La révélation de l’aviation

Il suffit de deux mois à l’aviation pour démontrer son utilité primordiale dans la reconnaissance lointaine. Chaque jour, matin et soir, les quatre ou cinq escadrilles de chaque armée en campagne effectuent des reconnaissances jusqu’à une cinquantaine de kilomètres de profondeur dans le dispositif ennemi. La tournée du matin donne la direction et le volume des colonnes. La tournée du soir fixe la ligne atteinte [1] . Les renseignements fournis sont souvent décisifs. Ils permettent ainsi la contre-attaque de la IIe armée sur la Mortagne le 2 septembre ou, exemple plus connu, ils sont à l’origine de la découverte du mouvement de l’armée Von Kluck prêtant le flanc à la VIe armée française. Ce rôle de renseignement s’accroît alors d’autant plus vite que la cavalerie a nettement échoué dans cette mission et que la mise en place progressive du front fortifié empêche les investigations au sol. De plus, les dirigeables, sur lesquels on misait beaucoup constituent une déception.
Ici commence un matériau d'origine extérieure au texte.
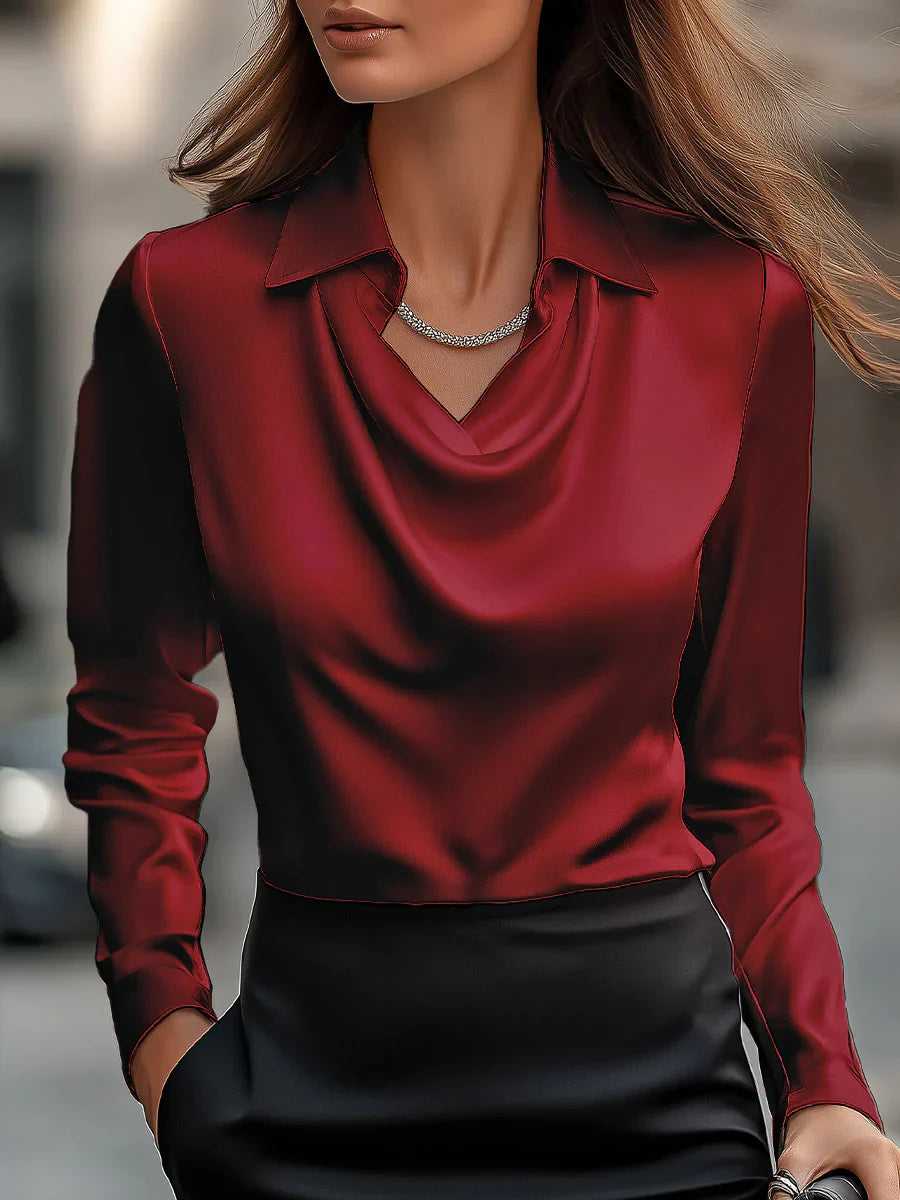 Phoebe | Elegante blusa de satén blanco con escote drapeado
Les quelques engins français sont trop lents, fragiles et tributaires de la météo. Ils sont donc retirés des opérations terrestres au profit de la lutte contre les sous-marins. En revanche les ballons captifs, qui avaient été complètement sacrifiés, parce que jugés inutiles dans la guerre de mouvement, retrouvent leur utilité dès que le front se stabilise. L’aéroplane s’impose donc par ses qualités propres et l’échec de ses rivaux.
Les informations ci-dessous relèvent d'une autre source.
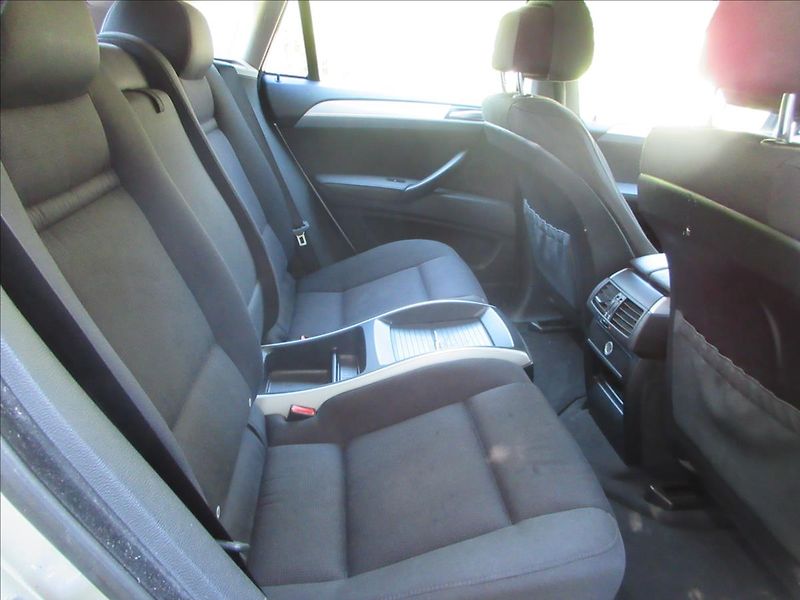 BMW X6 3,0 xDrive35D, 210Kw, Nové v Č - fotka 16 z 28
Simultanément à cette consécration dans le rôle qui lui était attribué, l’avion est de plus en plus fréquemment utilisé pour le réglage d’une artillerie qui doit tirer beaucoup plus loin que prévu. Avec la stabilisation du front, cette mission l’emporte sur la reconnaissance. Le temps qui se libère à ce moment là, l’agressivité des pilotes, qui ne veulent pas être en reste par rapport aux autres armes, mais aussi le peu d’intérêt que suscite encore cette forme de guerre laissent le champ libre à de multiples expérimentations spontanées. Chaque équipage prend ainsi l’habitude de profiter des missions de reconnaissance pour frapper les concentrations de troupes avec quelques bombes (obus d’artillerie avec empennage à ailettes) ou boites de fléchettes Bon. Les 14 et 18 août 1914, deux avions français bombardent les hangars Zeppelin près de Metz. Des agents sont transportés sur les arrières de l’ennemi. A l’automne, les expérimentations se multiplient : emport de projectiles divers, essais photos (et d’abord pour prouver ses dires), essais de tir au pistolet puis à la mitrailleuse, vol de nuit (Laurens, le 31 octobre). Les équipages qui, dès le début, se sont armés pour se défendre en cas d’atterrissage forcé recherchent maintenant le duel. Pendant que Roland Garros et de Rose reprennent les expérimentations de tir à travers hélices qu’ils avaient initiés avant guerre, le capitaine Faure de l’escadrille V24 demande à l’industriel Gabriel Voisin d’installer une mitrailleuse légère Hotchkiss sur l’avant de ses appareils (l’hélice est à l’arrière). Le 5 octobre, Frantz et Quenault, de cette escadrille, obtiennent la première victoire aérienne de l’Histoire.

[1] ORTHLIEB, commandant, L’aéronautique hier-demain, Paris, Masson et Cie, 1920, p. 21.